Recent Quarterly Results
HP reported Q3 2013 results on July 26, 2013. Here are some highlights from the earnings report and other recent news from the company:
- The company reported income from continuing operations of $250,978,000 ($2.32 per diluted share) from operating revenues of $840,197,000. Included in this year's third fiscal quarter income from continuing operations were $0.86 per share of after-tax gains related to the sale of investment securities and $0.02 per share of after-tax gains related to the sale of used drilling equipment.
- Even without the sale of the investment securities, the company would have reported EPS of $1.46 a share, compared to $1.38 a year ago.
- "During the most recent quarter, the Board approved a significant increase in dividends paid to shareholders. After doubling the dividend at the end of last year, in June the dividend was increased again from $0.15 to $0.50 per share per quarter."
This is just the beginning of more future dividend increases, in my opinion. In my opinion, all of these factors point to further dividend increases.
"We are confident that our strong capital structure allows us to pursue growth opportunities and, at the same time, return meaningful cash to shareholders... our focus will remain on helping customers reduce their total well costs through applied innovations and productivity improvements, while at the same time delivering attractive returns to our shareholders," Chairman and CEO Hans Helmerich.
- It was announced on August 21, 2013 that Chief Executive Officer Hans Helmerich will retire in March and Chief Operating Officer John W. Lindsay will take over. Helmerich has been CEO since 1989 and he said the decision to step down after 25 years in charge was made with the board four years ago, so this should not come as a surprise to investors.
- The new CEO, John W. Lindsay, 52, has been the President of Helmerich & Payne Inc. since September 5, 2012 and as its Chief Operating Officer since December 7, 2010, and he joined Helmerich & Payne in 1987 as a Drilling Engineer. Based on his experience with the company, I think he is the perfect choice for the new CEO.

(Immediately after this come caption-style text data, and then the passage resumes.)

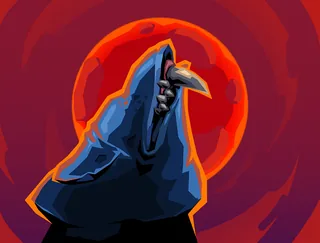 Howl from Beyond art
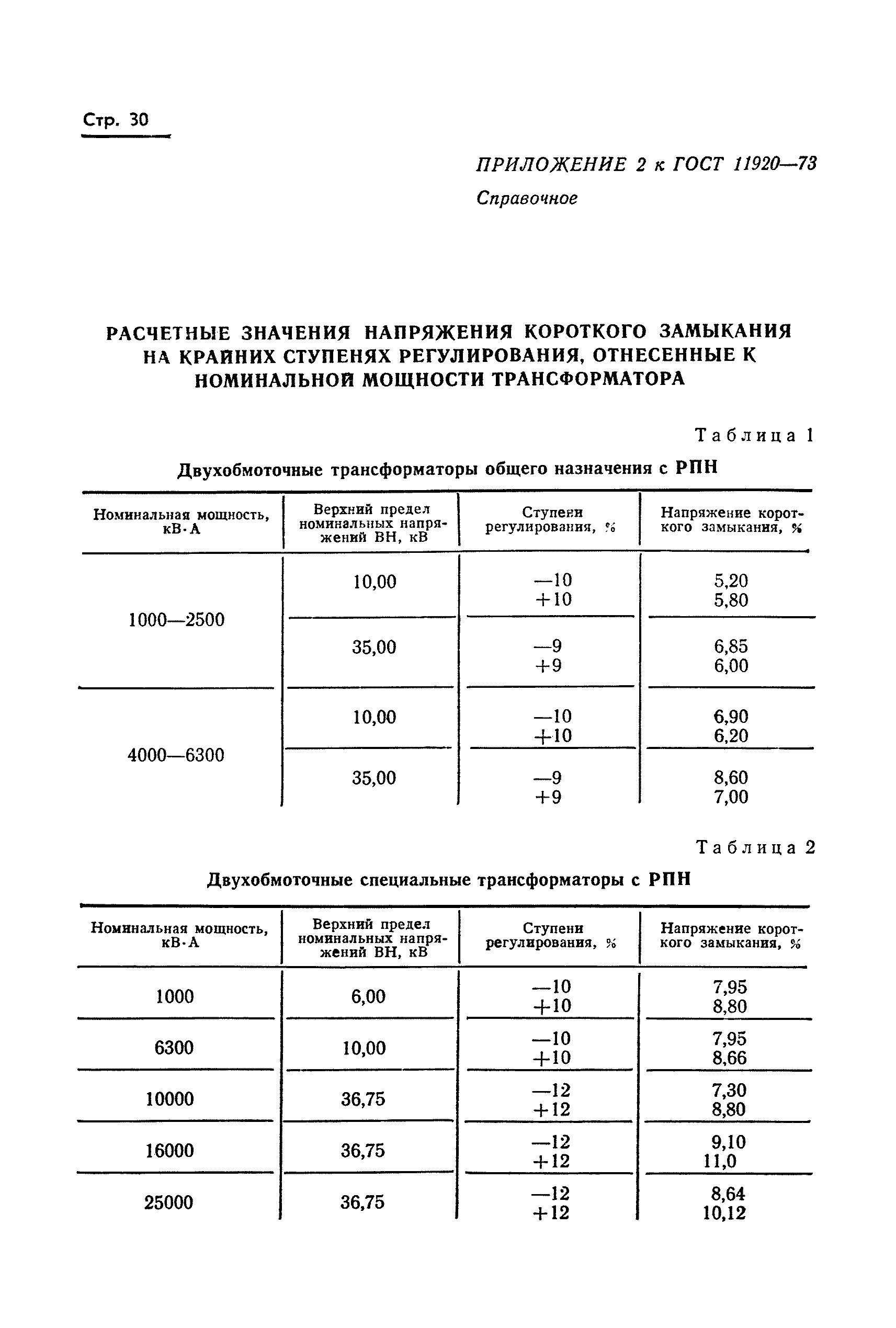 ГОСТ 11920-73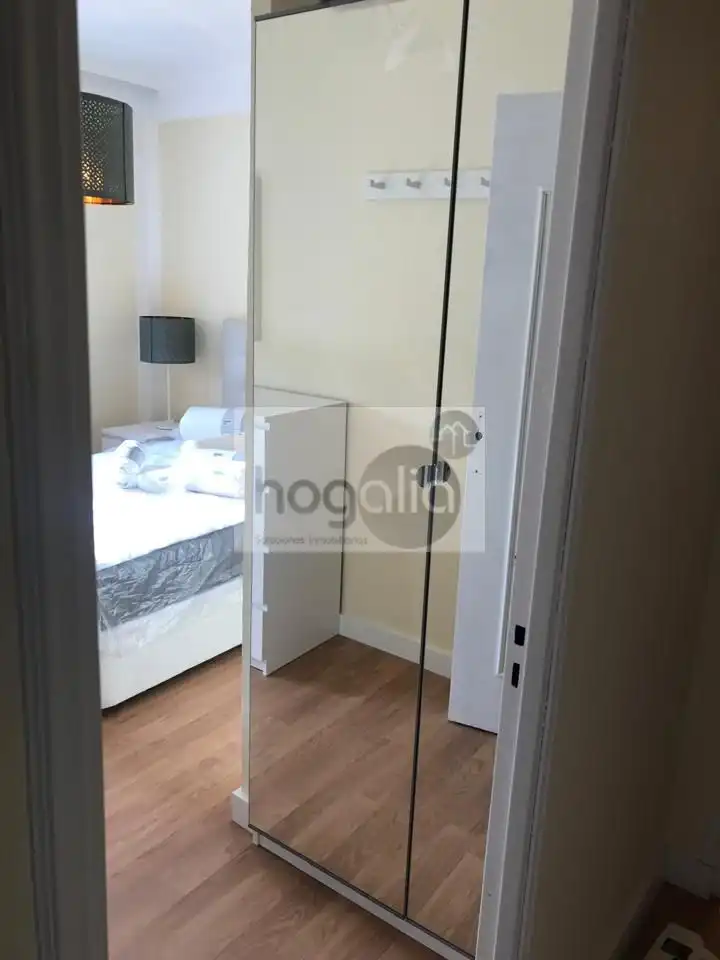 Flat for rent in La Oliva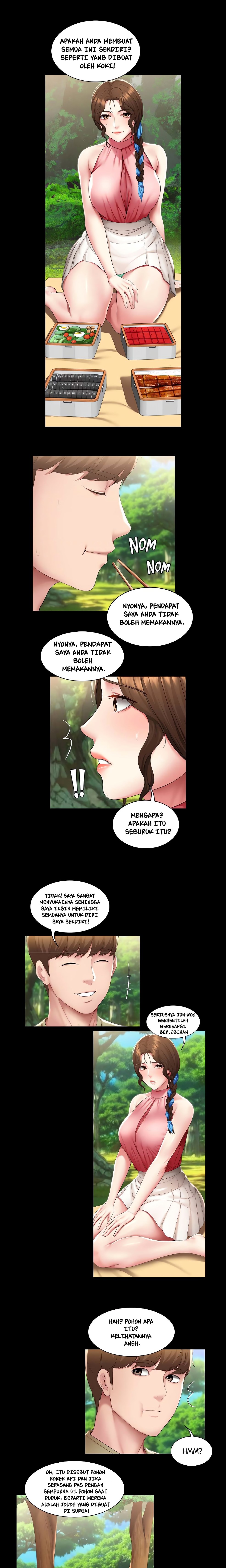 Boarding Diary (Uncen) Chapter 111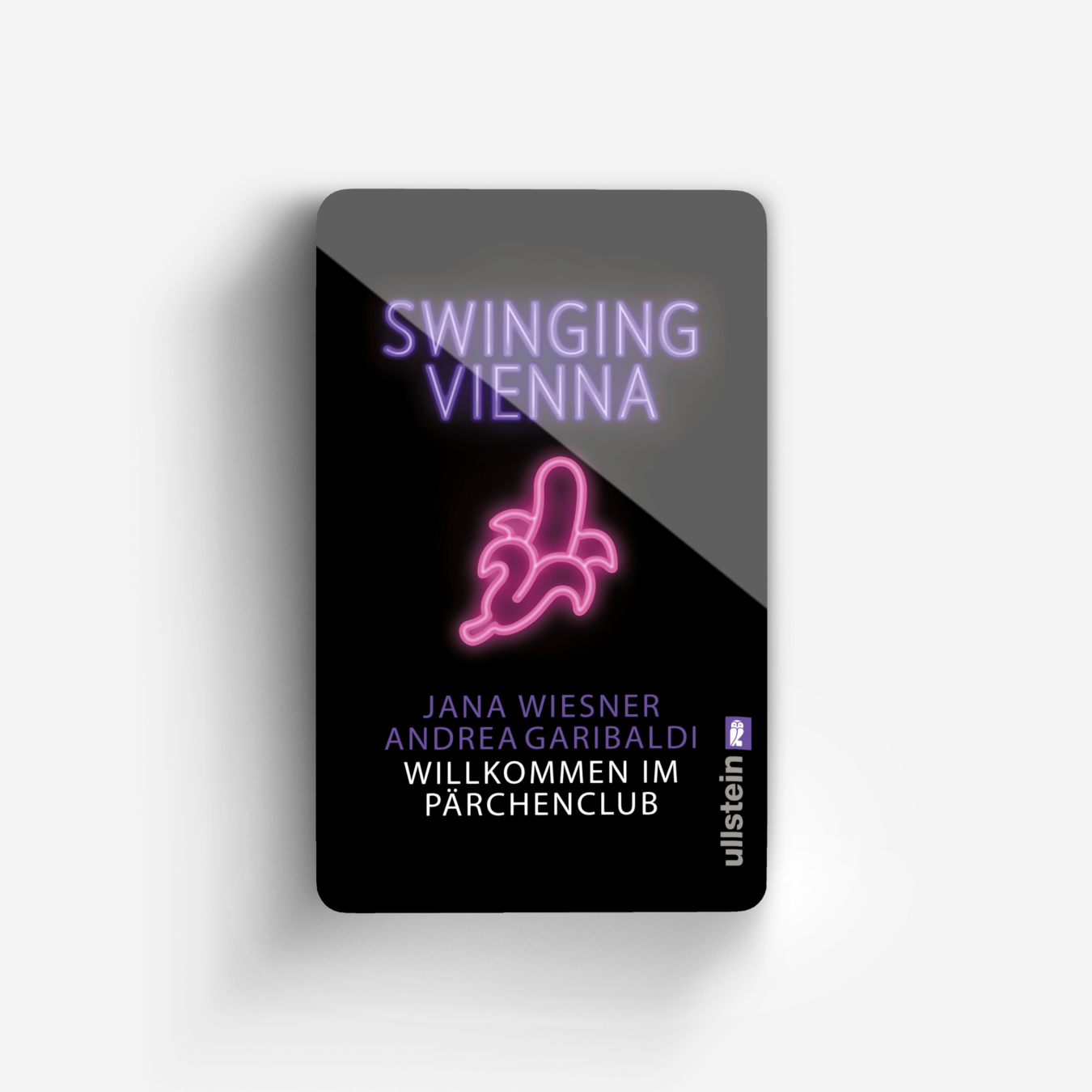 Buchcover von Swinging Vienna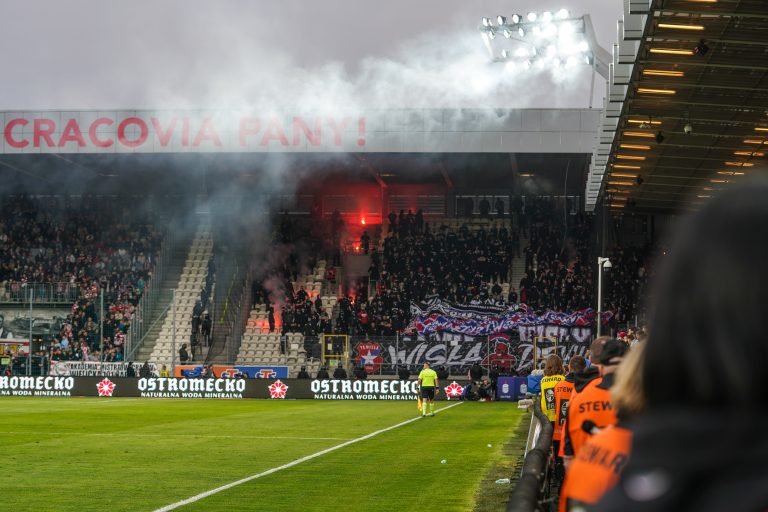Cracovia Wisla 62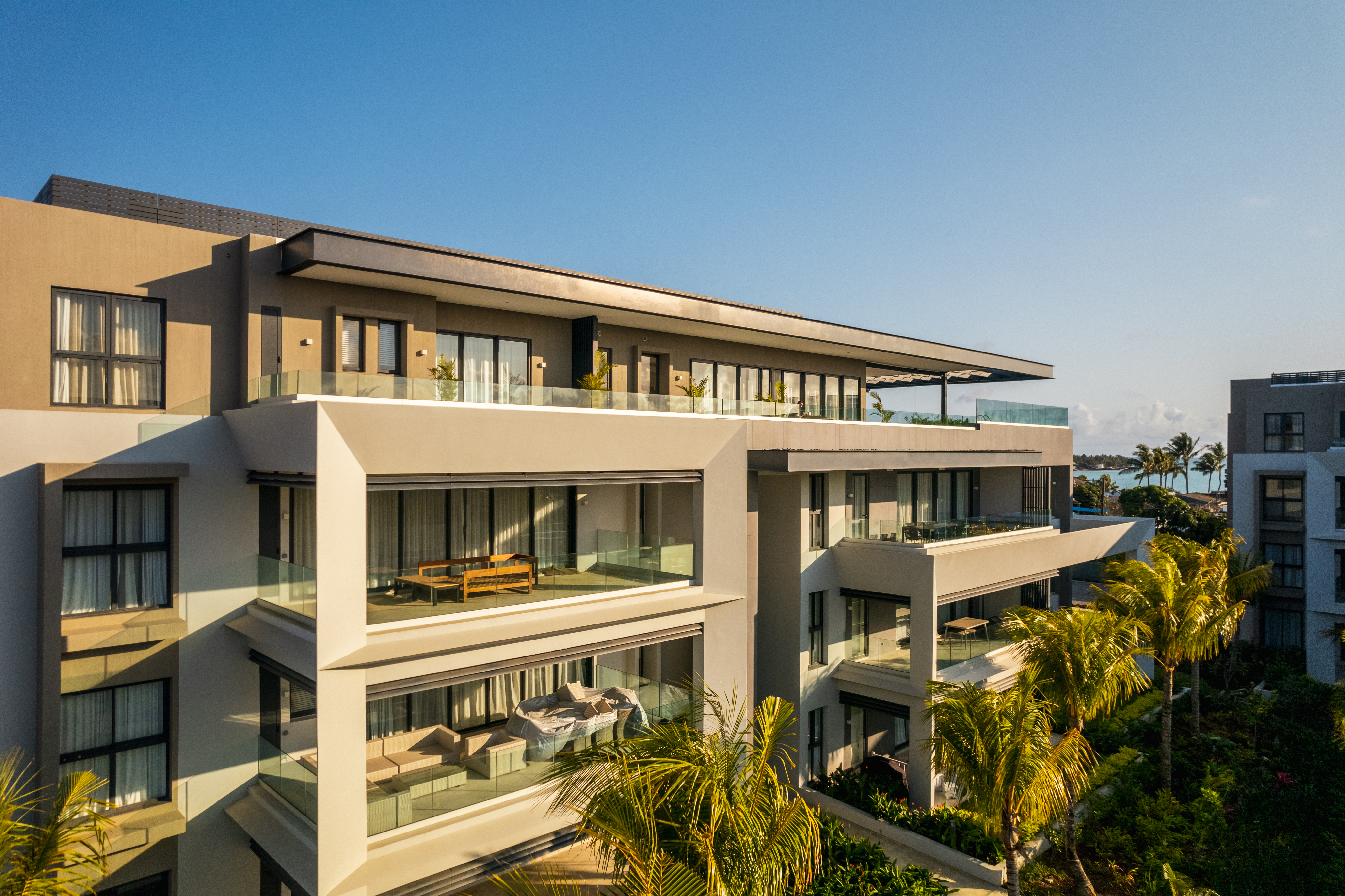 Penthouse – Mont Choisy, Mauritius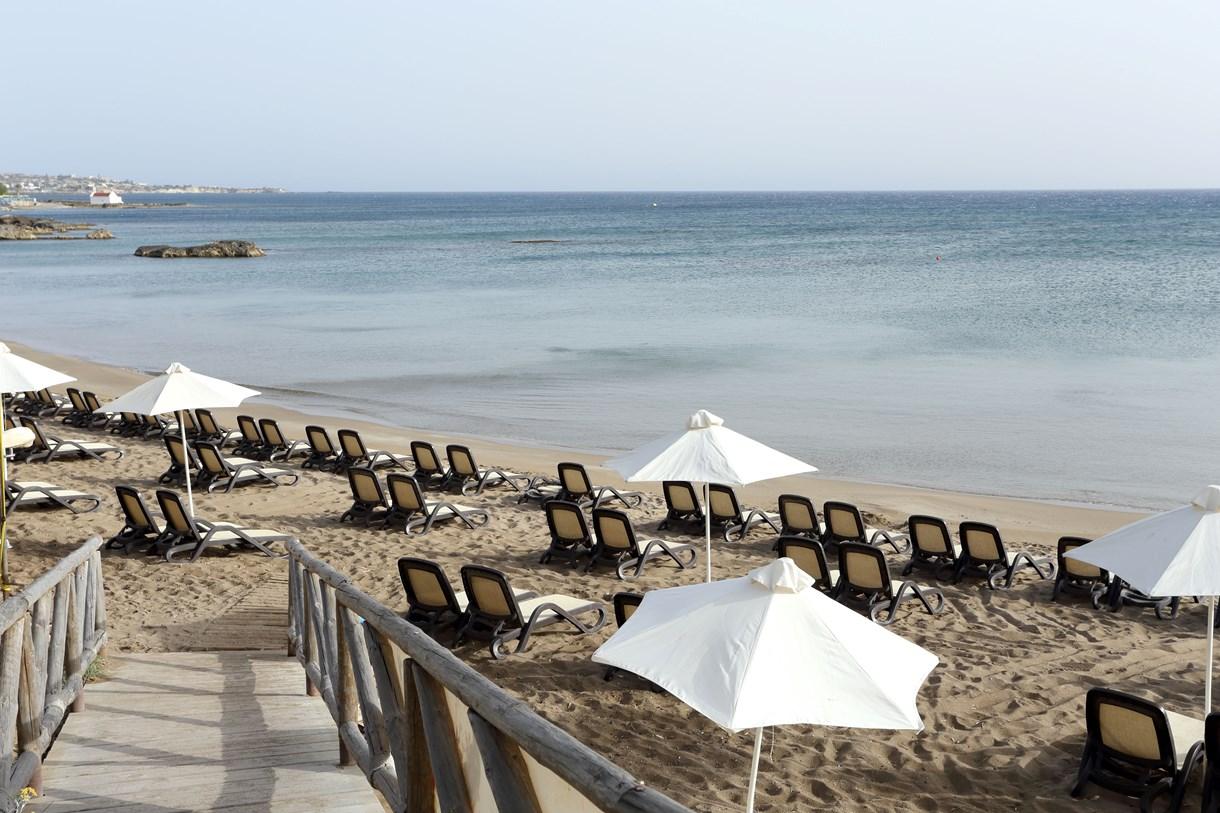 Star Beach Village & Water Park Hersonissos  Exterior photo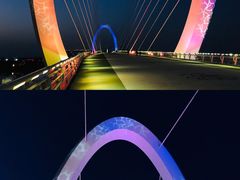 -南京眼步行桥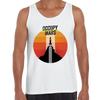 Occupy MARS Nasa Space Project SpaceX Rocket Stars Tank Top - Kuzi Tees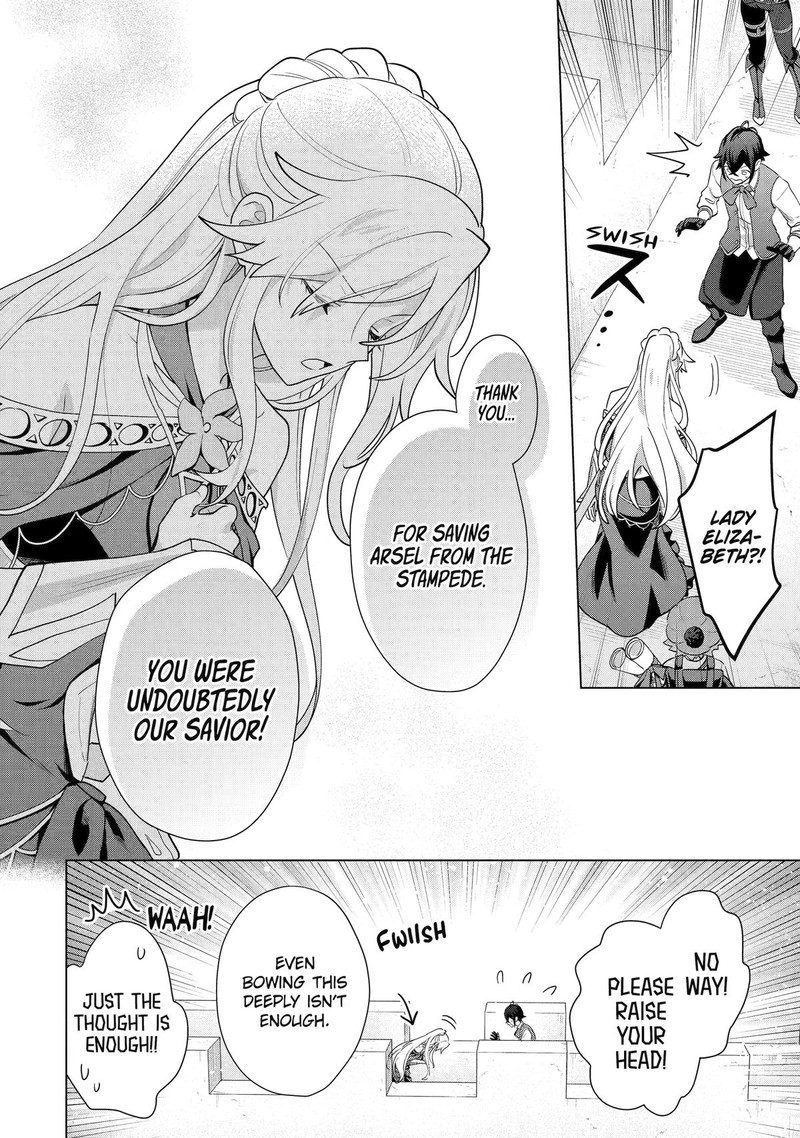 Saibai Cheat De Saikyou Saien E Tada No Katei Saien Desu Kedo Chapter 31 Page 50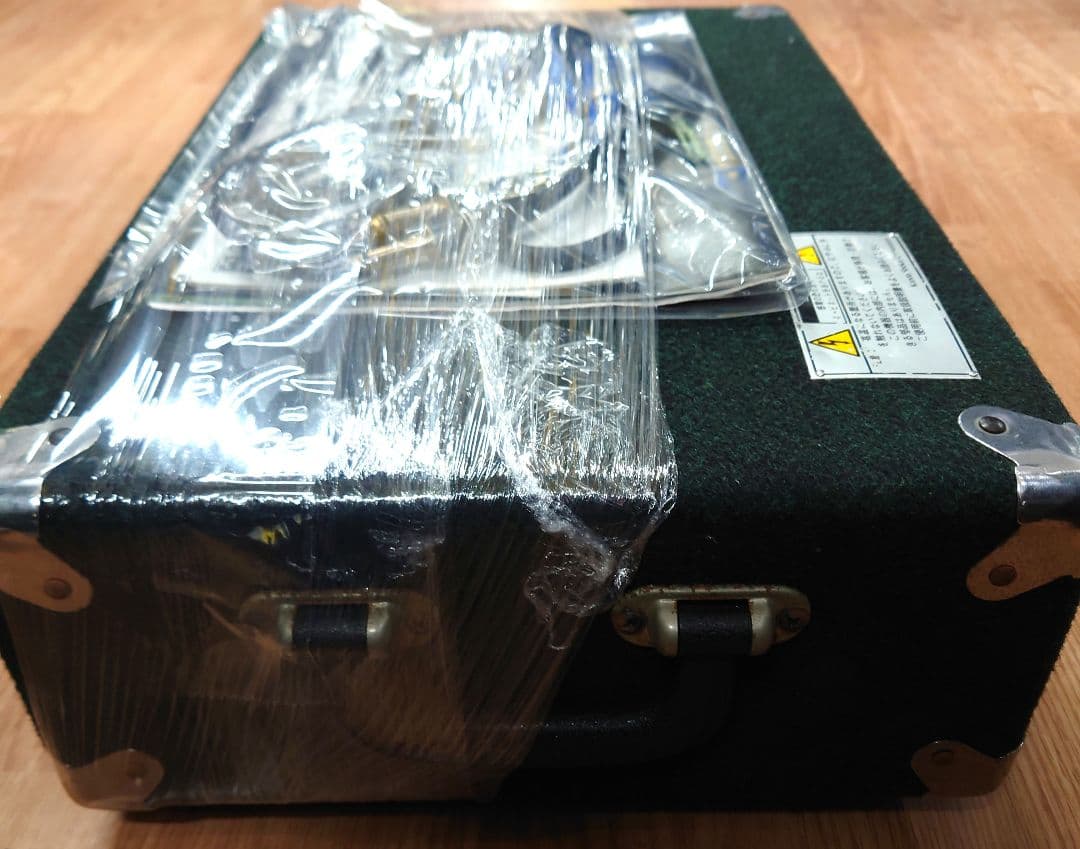 ■■【取説・電源AC】TRACE ELLIOT GP7 SMベースヘッドアンプ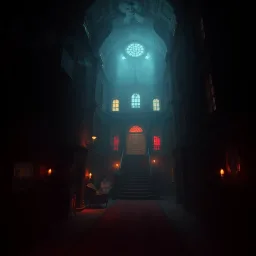 Nightmare Chronicles: Whose Nightmare Is It, Anyway? - Text-based game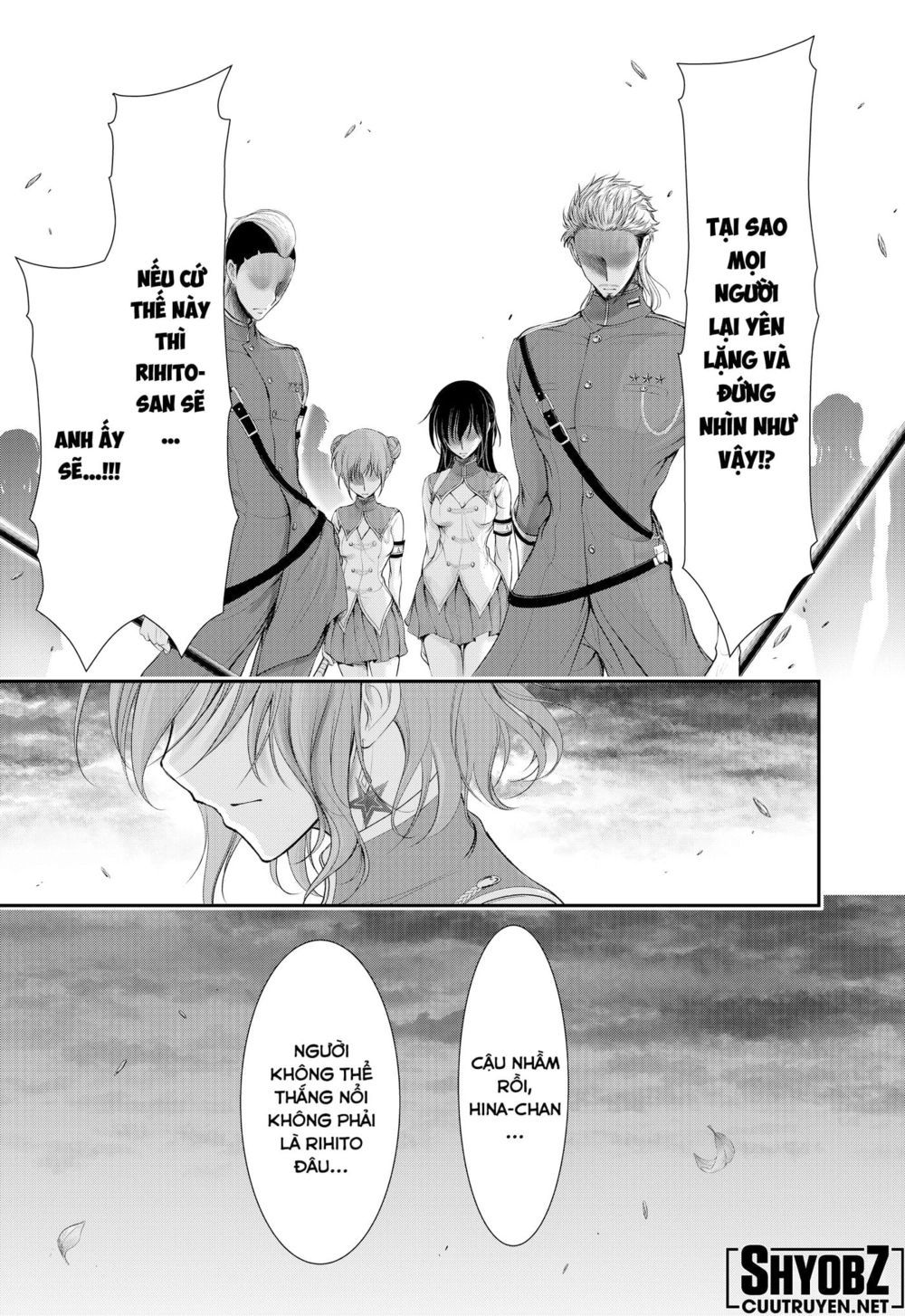 đọc truyện Kích Trụy Vương Huyền Thoại Chương 81 ảnh 16 tại Thiên Thai Truyện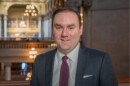 Indianapolis City-County Councilor Joshua Bain will become the next member of the powerful Indiana Utility Regulatory Commission.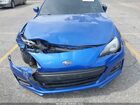 2020 Subaru Brz Limited Blue vin: JF1ZCAC19L9701277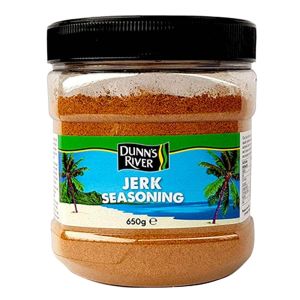 Dunn's River Jamaican Jerk Seasoning 650g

They are paying $2 per share in dividends annually. If the company is able to bring in full-year 2014 EPS of $6, and increases their payout ratio to 50 percent, which I think is very manageable given the company's profitability, this would result in a full-year dividend of $3 a share giving them a forward yield of 4.5 percent, much higher than the current yield of 2.88 percent.
Helmerich & Payne - The Market Share Leader in US Land Drilling
Helmerich & Payne currently operates 338 rigs, 300 in the US, 29 on international land and 9 offshore, as of September 2013. Back in September of 2001, the company had just 96 total rigs.
HP has a 15 percent market share, compared to PTEN's and NBR's 10 percent, and UNT's 4 percent. Other land drillers account for 54 percent.
When it comes to dividends, HP takes the grand prize - UNT doesn't pay a dividend, while NBR and PTEN have a 1 percent yield.
You'll see below that when it comes to total performance, it's not even close. With a further increase in dividends and solid earnings, I expect the share price outperformance to only continue.
In conclusion, I believe Helmerich & Payne could be the next great dividend growth stock. They are in the perfect position to return capital to shareholders - the company has a very solid balance sheet, has a ton of cash with little debt and they are bringing in substantial amounts of cash flow each quarter. The company runs a very profitable business where they are the leader in their market, and I only see better things to come.